PROBLEM: What you give back must match the data exactly, minus the pictures.

PROVIDED DATA:

↓↓↓

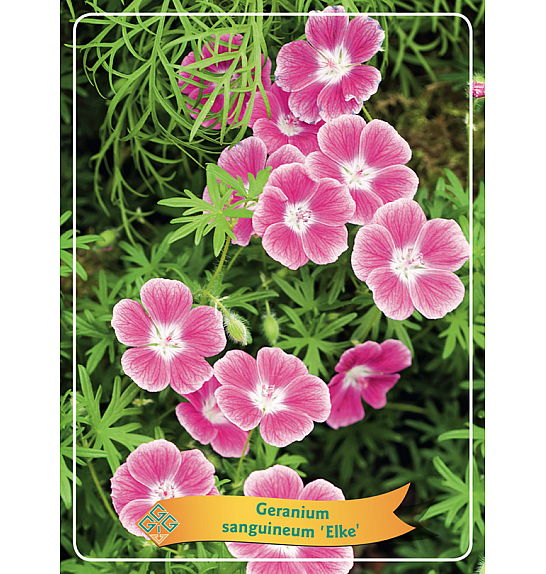 Geranium sanguineum Elke Ø11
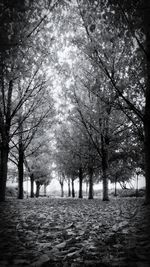 Trees in park against sky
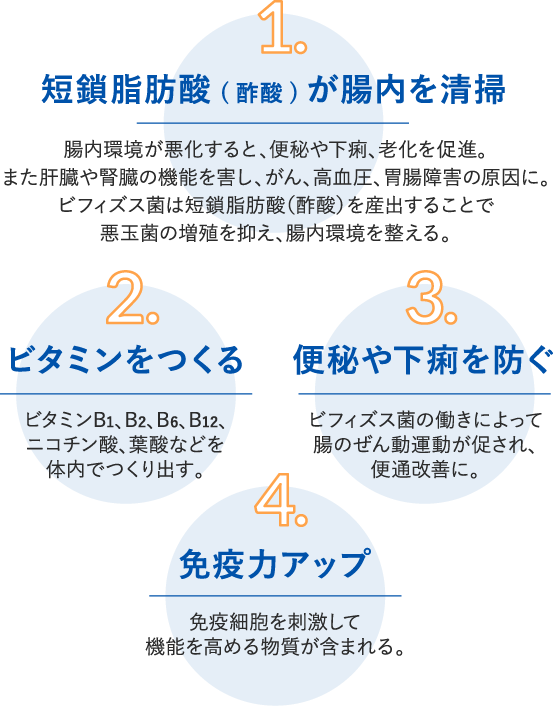 日本人の大腸で活躍するビフィズス菌 大腸に迫るリスク 大腸劣化 対策委員会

↑↑↑

RESULT OF THE EXERCISE:
 Geranium sanguineum Elke Ø11
 Trees in park against sky
 日本人の大腸で活躍するビフィズス菌 大腸に迫るリスク 大腸劣化 対策委員会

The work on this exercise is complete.